Demirbay: "Das Menschliche steht im Vordergrund"

Kerem Demirbay ist bei der TSG Hoffenheim Nationalspieler geworden und spielt zum ersten Mal im Europapokal. In SPIELFELD spricht der 24-Jährige über den Gewinn des Confed-Cups sowie über die WM 2018, seinen Werdegang und die für ihn besondere Bedeutung von Persönlichkeit, Respekt und Erziehung.

In der vergangenen Saison ist dir der Sprung aus der Zweiten Liga bis in die Nationalmannschaft gelungen. Hast du bei der TSG erkannt, was mit deinem Potenzial alles möglich ist?

Kerem Demirbay: Ich muss gestehen, dass ich auch in der Zweiten Liga nie daran gezweifelt habe, diesen Weg gehen zu können. So ist meine Persönlichkeit: Ich glaube immer an mich, zu 100 Prozent. Aber ich habe auch hart gearbeitet. Dass es dann so schnell geht – Hut ab vor mir selbst. (lacht) So kann es im Fußball nun mal gehen, aber man muss vorsichtig sein und seine Leistung immer bestätigen, man lernt ja auch immer dazu. Das ist das Mindeste, was man als Fußballer tun muss. Ansonsten geht es auch schnell wieder zurück. In der aktuellen Saison muss ich wieder abliefern, meine Leistungen bestätigen und wenn möglich verbessern. Das gilt für uns alle.

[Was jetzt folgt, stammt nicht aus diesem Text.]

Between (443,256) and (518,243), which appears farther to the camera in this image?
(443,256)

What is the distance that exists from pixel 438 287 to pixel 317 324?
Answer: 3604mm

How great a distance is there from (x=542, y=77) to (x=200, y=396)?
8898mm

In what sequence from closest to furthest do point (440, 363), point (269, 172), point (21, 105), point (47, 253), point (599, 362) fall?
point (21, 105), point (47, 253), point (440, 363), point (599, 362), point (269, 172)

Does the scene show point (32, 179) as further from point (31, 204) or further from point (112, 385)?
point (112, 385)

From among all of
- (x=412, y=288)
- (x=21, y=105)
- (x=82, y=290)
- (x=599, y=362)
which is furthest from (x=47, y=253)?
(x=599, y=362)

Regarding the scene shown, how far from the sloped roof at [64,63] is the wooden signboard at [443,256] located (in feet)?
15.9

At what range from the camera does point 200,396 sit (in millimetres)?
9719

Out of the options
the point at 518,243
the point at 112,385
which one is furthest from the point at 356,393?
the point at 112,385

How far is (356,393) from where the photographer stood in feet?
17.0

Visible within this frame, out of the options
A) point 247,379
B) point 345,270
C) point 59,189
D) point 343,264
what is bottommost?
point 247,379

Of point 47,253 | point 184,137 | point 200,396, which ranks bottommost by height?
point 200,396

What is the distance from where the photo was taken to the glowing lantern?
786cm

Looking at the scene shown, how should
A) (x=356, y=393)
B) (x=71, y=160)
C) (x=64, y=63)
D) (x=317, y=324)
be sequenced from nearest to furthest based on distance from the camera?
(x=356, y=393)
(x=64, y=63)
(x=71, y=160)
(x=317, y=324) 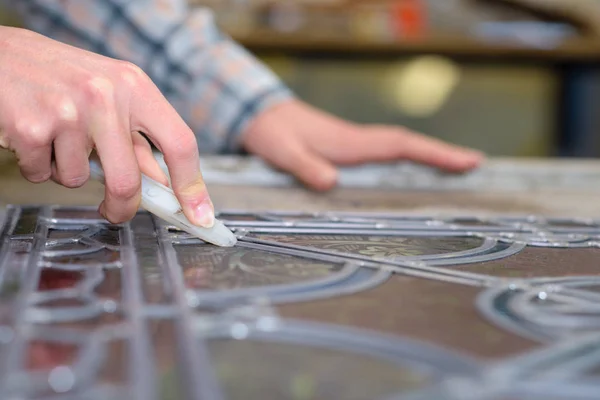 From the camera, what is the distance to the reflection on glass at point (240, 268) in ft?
1.60

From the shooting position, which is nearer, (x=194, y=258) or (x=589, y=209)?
(x=194, y=258)

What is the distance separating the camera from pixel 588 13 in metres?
2.50

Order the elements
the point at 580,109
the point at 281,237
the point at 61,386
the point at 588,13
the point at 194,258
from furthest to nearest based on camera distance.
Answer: the point at 588,13 → the point at 580,109 → the point at 281,237 → the point at 194,258 → the point at 61,386

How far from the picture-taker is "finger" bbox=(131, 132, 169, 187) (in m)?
0.68

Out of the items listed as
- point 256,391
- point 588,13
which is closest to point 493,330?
point 256,391

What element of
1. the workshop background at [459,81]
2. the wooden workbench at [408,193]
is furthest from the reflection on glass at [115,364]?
the workshop background at [459,81]

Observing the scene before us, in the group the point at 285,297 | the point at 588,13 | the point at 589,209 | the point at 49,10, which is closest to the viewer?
the point at 285,297

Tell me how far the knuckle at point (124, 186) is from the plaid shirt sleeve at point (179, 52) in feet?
2.43

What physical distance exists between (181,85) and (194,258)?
931 mm

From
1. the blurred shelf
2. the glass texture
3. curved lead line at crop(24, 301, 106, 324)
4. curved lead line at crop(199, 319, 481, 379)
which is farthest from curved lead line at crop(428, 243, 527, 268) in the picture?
the blurred shelf

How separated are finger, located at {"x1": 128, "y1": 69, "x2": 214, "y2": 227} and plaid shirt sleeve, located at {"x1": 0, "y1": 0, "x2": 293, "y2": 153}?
28.6 inches

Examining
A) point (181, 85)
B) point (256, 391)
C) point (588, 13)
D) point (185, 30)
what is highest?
point (588, 13)

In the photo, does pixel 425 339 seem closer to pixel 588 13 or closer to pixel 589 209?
pixel 589 209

Hast du vor gut einem Jahr erwartet, mit der TSG so eine gute Rolle zu spielen?

Demirbay: Nach dem ersten Gespräch mit Julian Nagelsmann hatte ich so ein gutes Gefühl, dass ich nur hierhin wollte – und das mit allen Mitteln, obwohl ich auch andere Angebote hatte. Ich hatte einen überragenden Eindruck und habe das Vertrauen sofort gespürt. Ich kann mich auch noch an die erste Einheit erinnern, Sandro Wagner war auch neu, an so einen Typen musste ich mich auch erst einmal gewöhnen. Er hat nur geredet und gestikuliert. Da dachte ich erstmal: Das wird ja interessant hier. (lacht) Aber wir haben uns dann früh alle persönlich kennengelernt und ich habe mich schnell sehr wohl gefühlt. Obwohl ich das Vertrauen weiterhin gespürt habe, war ich die ersten drei Spiele auf der Bank. Da musste ich positiv denken und an meine Chance glauben, ansonsten hätte ich mich nicht durchsetzen können. Das galt auch für Kevin Vogt und Benjamin Hübner.

Wie die beiden Abwehrspieler hast auch du einen langfristigen Vertrag bei der TSG und willst in Hoffenheim erfolgreich bleiben. In dieser Saison spielst du in der Europa League und die WM 2018 in Russland steht an. Ist das die bislang wichtigste Spielzeit in deiner Karriere?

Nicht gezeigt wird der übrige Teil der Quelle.